While many of these songs may often come off as ‘generic’ at first listen, The Advice still offers some great melodies and messages to deliver, even if after a few listeners some songs can feel like their themes are either borrowed from other places throughout the album, or from other artists on other albums. ‘Love Me Like That’ tells a story about how we can be content because of the love of Christ even in dire circumstances, yet the themes feel similar to Hawk Nelson’s ‘Love Like That’ or Sidewalk Prophets’ ‘Love, Love, Love’. ‘His Name is Jesus’ pays a great homage to the 1970s big band era, yet the lyrics of ‘…His name is Jesus and He can fix all your problems…’ show an attitude of this, yet we know that despite Christ Jesus fixing our problems, we know that on this Earth, we can still face trials and hardships, and that our issues and circumstances in our lives won’t necessarily be peachy or rosy after we accept Christ. This song in particular shows a sense of lyrics being written without much theological thought or discussion, even if it wasn’t their initial intention. Both ‘Make Me’ and ‘Collide’ are two ballads at the end of the album, and while each of them showcase some poignant messages, about Christ making and remaking us during the circumstances that are meant to tear us down, yet build us up in the meantime (‘Make Me’) as well as wanting Jesus in all His glory to come and collide with us in the moments when we’re at our absolute worst; these light percussion and blues and soul inspired melodies seem to lack a little something when after listening to these songs once, I can’t necessarily remember the melody, nor any interesting music riffs or hooks that would otherwise be in the song.

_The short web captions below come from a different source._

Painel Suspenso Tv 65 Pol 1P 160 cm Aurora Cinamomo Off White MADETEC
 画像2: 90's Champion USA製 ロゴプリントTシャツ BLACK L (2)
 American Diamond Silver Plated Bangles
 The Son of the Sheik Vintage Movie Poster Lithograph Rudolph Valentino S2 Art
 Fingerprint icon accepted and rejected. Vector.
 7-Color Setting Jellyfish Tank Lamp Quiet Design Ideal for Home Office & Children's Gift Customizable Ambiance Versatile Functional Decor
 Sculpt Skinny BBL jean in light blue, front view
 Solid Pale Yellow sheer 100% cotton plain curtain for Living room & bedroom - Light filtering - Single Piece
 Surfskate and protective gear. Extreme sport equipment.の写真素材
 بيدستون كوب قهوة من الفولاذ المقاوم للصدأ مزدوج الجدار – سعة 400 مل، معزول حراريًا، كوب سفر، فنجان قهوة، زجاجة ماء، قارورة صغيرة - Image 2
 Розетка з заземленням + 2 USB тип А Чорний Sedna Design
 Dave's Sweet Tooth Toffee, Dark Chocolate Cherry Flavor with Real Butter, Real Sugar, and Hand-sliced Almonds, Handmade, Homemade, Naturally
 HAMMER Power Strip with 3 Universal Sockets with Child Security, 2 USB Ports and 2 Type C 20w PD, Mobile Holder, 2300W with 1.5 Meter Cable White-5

Overall: Not to discount the musical genre changes The Advice has done with its entire album, however, the album as a whole does seem a little lyrically similar as each song flows into the next with similar on-the-surface themes of life being good with Jesus. Nevertheless, this latest Inpop Records signing does seem to have its place within the music industry, providing a nicely choreographed album as an alternative to radio-friendly CCM albums like JJ Weeks Band’s All Over The World, also releasing on the same day as The Advice. Infusing musical genres from artists like Jimmy Needham and newworldson, The Advice is able to do just enough to warrant a look and a see if listeners are the inquisitive and curious type. Not necessarily for the listener of CCM, nor for the listeners of hard rock, The Advice have given listeners a blend of soul, country, pop, blues, acoustic and CCM to incorporate its many musical genres and cultures with its interracial band members showing listeners what it is like to record songs with musical influences from all over the world. With heartfelt messages and a lead vocal voice at times like downhere’s Marc Martel and Kevin Max of Audio Adrenaline; The Advice’s debut album is one to remember for its ingenuity and uniqueness throughout the month of March 2013. Well done guys for creating a solid album full of themes to ponder and discuss in the weeks and months ahead!